I quit my book club.
Not because it wasn’t pleasant or interesting — it was. Not because I don’t like the people there — I do. Not even because the scheduling was difficult (although it was, how you say, a pain in the tuckus).
No; I quit my book club because I absolutely could not stand the thought of being told what to read and when to read it, no matter how charming the book in question might be. For the first month, I read A Gentleman in Moscow and that was fine, not least because that novel is simply wonderful and you should all drop everything and read it right now. Well and good.

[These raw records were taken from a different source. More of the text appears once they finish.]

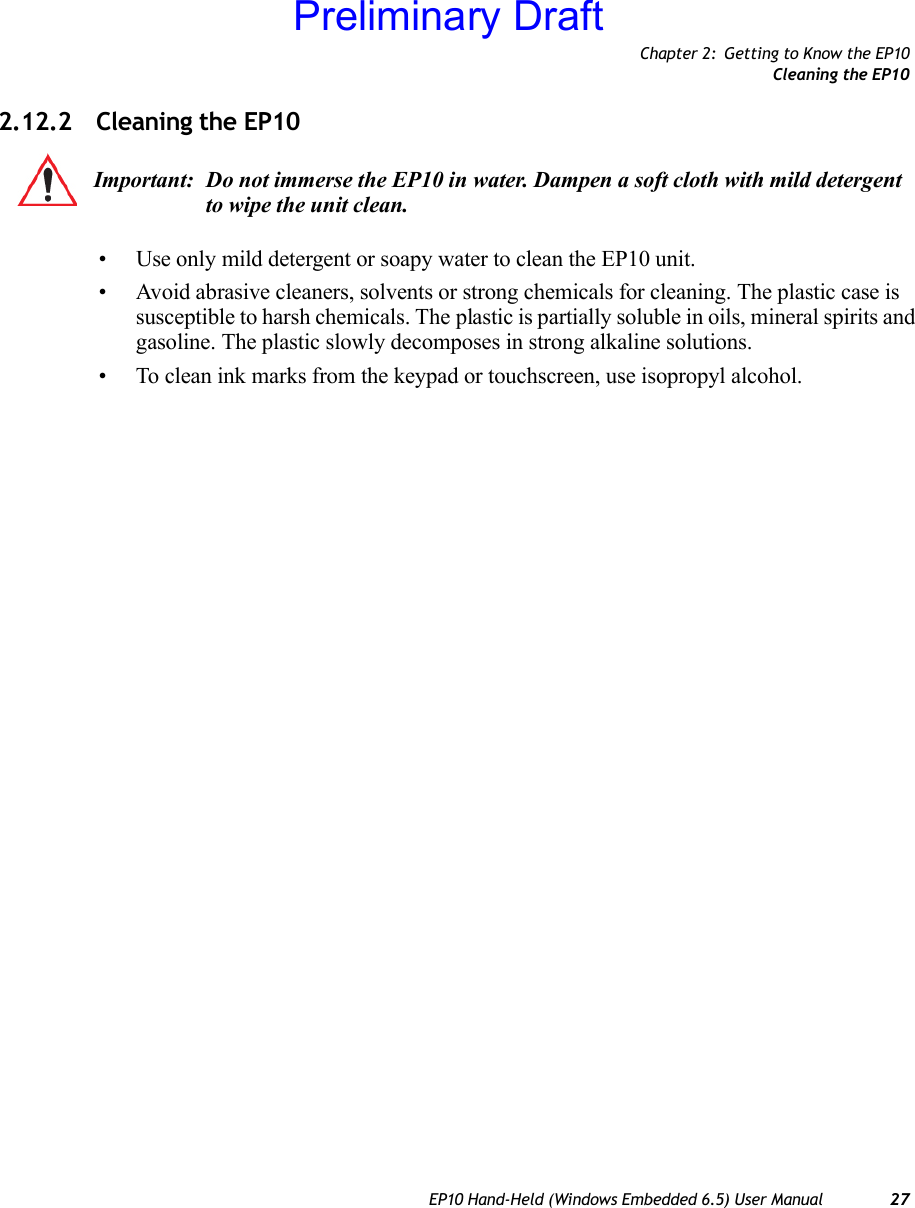 Chapter 2: Getting to Know the EP10Cleaning the EP10EP10 Hand-Held (Windows Embedded 6.5) User Manual 272.12.2 Cleaning the EP10• Use only mild detergent or soapy water to clean the EP10 unit.• Avoid abrasive cleaners, solvents or strong chemicals for cleaning. The plastic case is susceptible to harsh chemicals. The plastic is partially soluble in oils, mineral spirits and gasoline. The plastic slowly decomposes in strong alkaline solutions.• To clean ink marks from the keypad or touchscreen, use isopropyl alcohol.Important: Do not immerse the EP10 in water. Dampen a soft cloth with mild detergent to wipe the unit clean.Preliminary Draft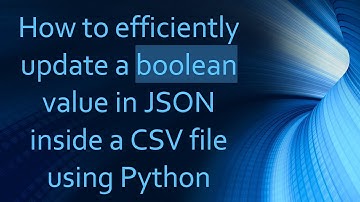 How to efficiently update a boolean value in JSON inside a CSV file using Python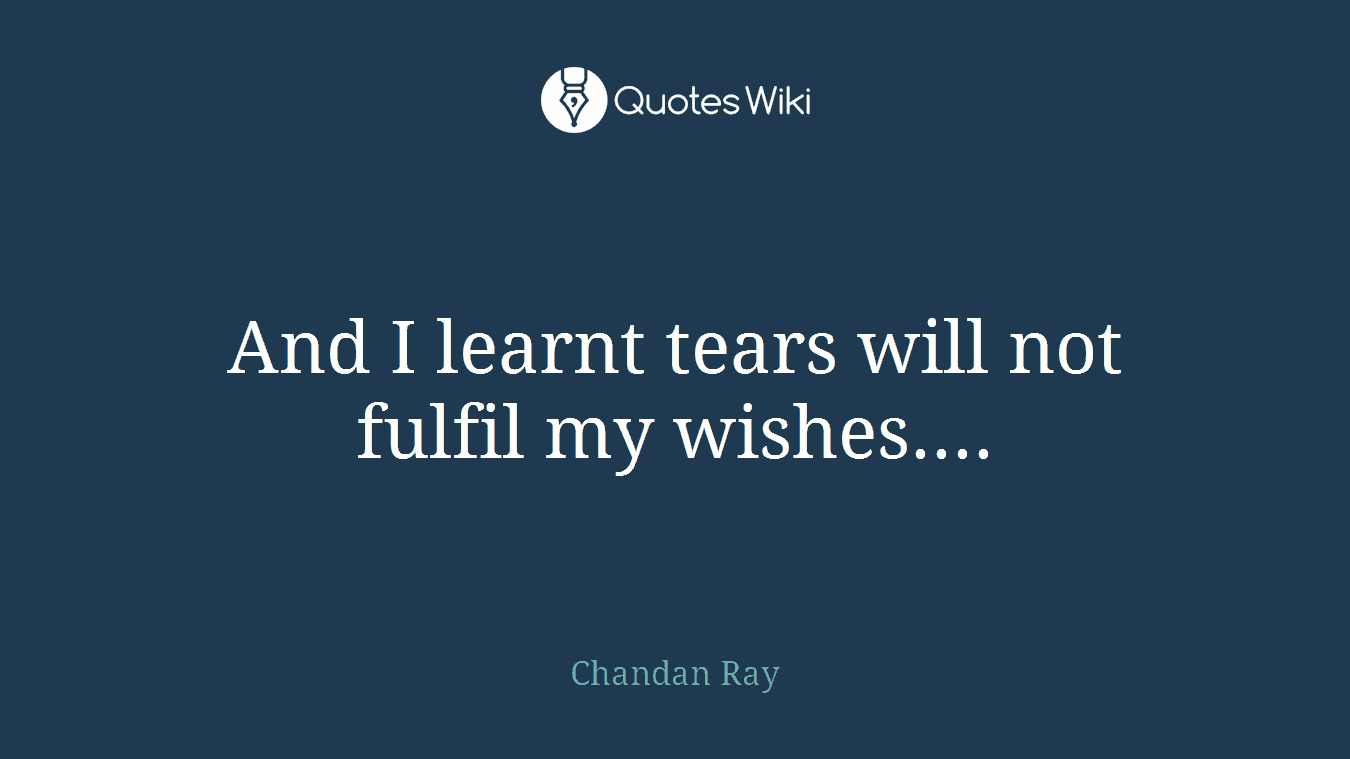 And I learnt tears will not fulfil my wishes....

For the second month, we were supposed to read Tim Townsend’s Mission at Nuremberg, the story of the Lutheran chaplain charged with the spiritual care of twenty-one Nazis awaiting trial at Nuremberg, as well as their families. By all accounts, Mission at Nuremberg is an excellent book. But every time I glanced over at my to-be-read pile and saw it sitting there, a simmering resentment rose within me. I didn’t want to read it. I wanted to read other things. That resentment soon turned to rebellion: they couldn’t make me read it! I read what I like!
It occurred to me that this was probably not the most… constructive… attitude to take to our next gathering. So I quit. And then I returned Mission at Nuremberg to the library, unread.
But then I sat down at thought about it — what was the reason for my fit of rebellion? It wasn’t really about this or that particular book; I may well read Mission at Nuremberg at a later date. It occurred to me, though, that I’ve only relatively recently finished my last round of schooling; it’s been not quite two years since I finished and defended my master’s thesis. And then I ran the numbers, and it turns out that I’ve been in school for exactly 68.75% of my life. That is… a lot of being told what to read and when to read it. Not that I’ve always minded! I did my undergrad degree in English Lit and enjoyed it, by and large. But still.
Now, though, I am completely unfettered — free to read whatever I like, whenever I feel like reading it. I’ve been giving myself permission to stop reading books halfway through if they’re boring me, and to even return them to the library unread if I get them home and then change my mind. I can read just as my fancy takes me, following reading paths and bunny trails as they arise. I have time to do things like decide to read an author’s entire back-catalogue (like my Lucy Maud Montgomery reading project), or read a multi-volume series straight through (like the twelve Poldark novels I read this past spring), or decide that what I really want to read now is only poetry or only travelogues or only whatever I like. And it’s wonderful.